FILE PHOTO: Cressida Dick, the Metropolitan Police Commissioner, there is a event on the occasion of the anniversary of the attack on London Bridge in London, Britain, June 3, 2018. (REUTERS photo/Simon Dawson
LONDON (Reuters) – Britain’s most senior police officer on Monday called on the government to create a legal framework for the police use of new technologies, such as artificial intelligence.
Talk live face detection technology, the police in London began using it in January, London’s police chief Cressida Dick, said she welcomed the government’s 2019 at the latest manifesto pledge, to create a legal framework for the police use of new technologies, such as AI, biometrics, and DNA.
“One of the best ways to make sure that it is the police’s use of new and emerging tech in such a way that it has the support of the government in order to enable a regulatory framework that is being discussed by the european Parliament, to be consulted on with the public, and that it will carry out a review of the limits on what the police should or should not use technology,” said Dick.
“Give us the law and we have to work within it,” she added.

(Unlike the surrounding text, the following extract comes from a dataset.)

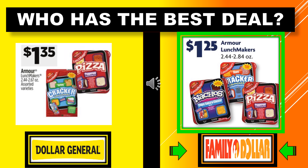Who has the best deal here? We've got the Armor Lunchmakers. Dollar General has them for $1.35, and Family Dollar has the same exact product for $1.25. It's pretty much an equal price, but because Family Dollar is $0.10 cheaper, they get the best deal for that particular product.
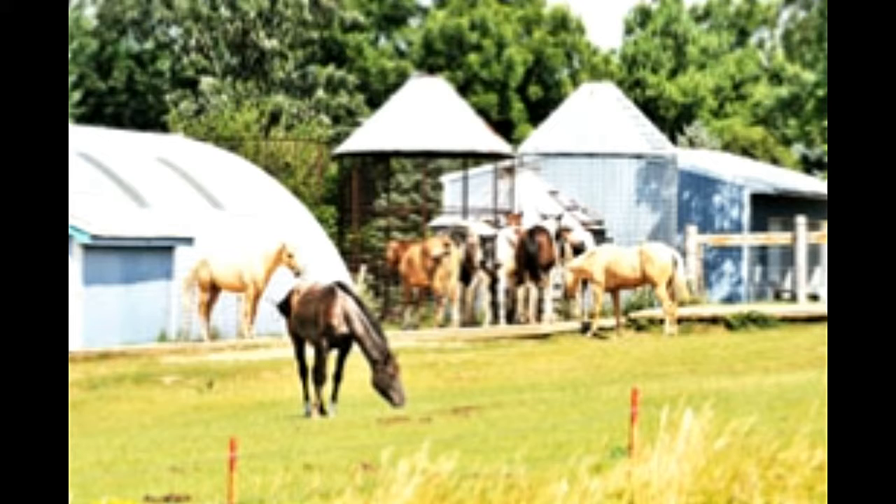Who can forget Seabiscuit, where a gifted racehorse along with three men restores hope amongst people with some thrilling antics. Seabiscuit is a very moving story that can truly be a source of inspiration, and is also one of the most popular films amongst most horse lovers.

Timothy, rejected the evidence that face recognition algorithms that are racially discriminatory in their accuracy rates vary, depending on the color of the skin of the person to be detected.
“We know that there are a number of inexpensive algorithms that have an ethnic bias, but, as I said before, ours is not and, at present, the only difference is that it is a bit more difficult to get with a wild woman for a wild man,” she said.
The London police department’s facial-recognition technology is supplied by NEC, a Japanese company.